Functional:

  1. User publish tweets
  2. User browse following users' updates
  3. User favorites others' tweets


Non-functional:

  1. High availability
  2. Scalability
  3. Final consistency


QPS:

Suppose there are 100 million active daily users and about 20% user swill publish 1 tweet every day. So the QPS for publishing should be 20,000,000 * 1 / 24 / 3600 = 200. Each tweet will take about 100 byte. Therefore, the total storage should be 200 * 100 / 1000 = 20 MB/day. After 1000 days, the storage would be 20 * 1000 / 1000 = 20GB. It can be stored in one machine.


Suppose each user will read once every day. QPS for reading should be 1000. There are much more reading operations than writing operations. But a single machine can deal with that.



Database:

  1. User table
  2. Tweet table
  3. User_Following table
  4. User_Follower table


For User table, I would like to use SQL because each user's information is structured. A user should have its id, name, password, gender, created time, and so on. Also it's same for User_Following table and User_Follower table.


For Tweet table, I would like to use NoSQL because it's not structured data. Each piece of information should include tweet_id, user_id, text_content, picture/video url, and number of favorites.


API Design:

  1. POST: "/users/{user_id}/publish"
  2. GET: "/users/{user_id}/browse"
  3. PATCH: "/users/{user_id}/like/{tweet_id}"

Traditionally, we can use push mode to get tweets, because it's real-time.
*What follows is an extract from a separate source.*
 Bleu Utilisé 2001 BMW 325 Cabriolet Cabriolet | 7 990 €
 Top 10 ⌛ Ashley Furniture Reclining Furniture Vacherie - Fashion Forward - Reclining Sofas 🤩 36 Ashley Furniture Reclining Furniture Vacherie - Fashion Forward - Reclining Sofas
But for stars, they have too many followers and it's expensive to push the updated tweets to each follower. Thus, for stars we can apply pull mode.


For favorites api, I think it may cause number error due to the concurrent operations. We can introduce message queue like kafka, or RabbitMQ to ensure the correctness.


Optimization:

  1. We can use CDN to load static contents to save time according to users' location.
  2. We can use load balancers to deal with large number of requests with some strategy.
  3. We can use redis to reduce the number of reading/writing operations.
  4. We can use reading/writing split and master-slave database to increase the performance.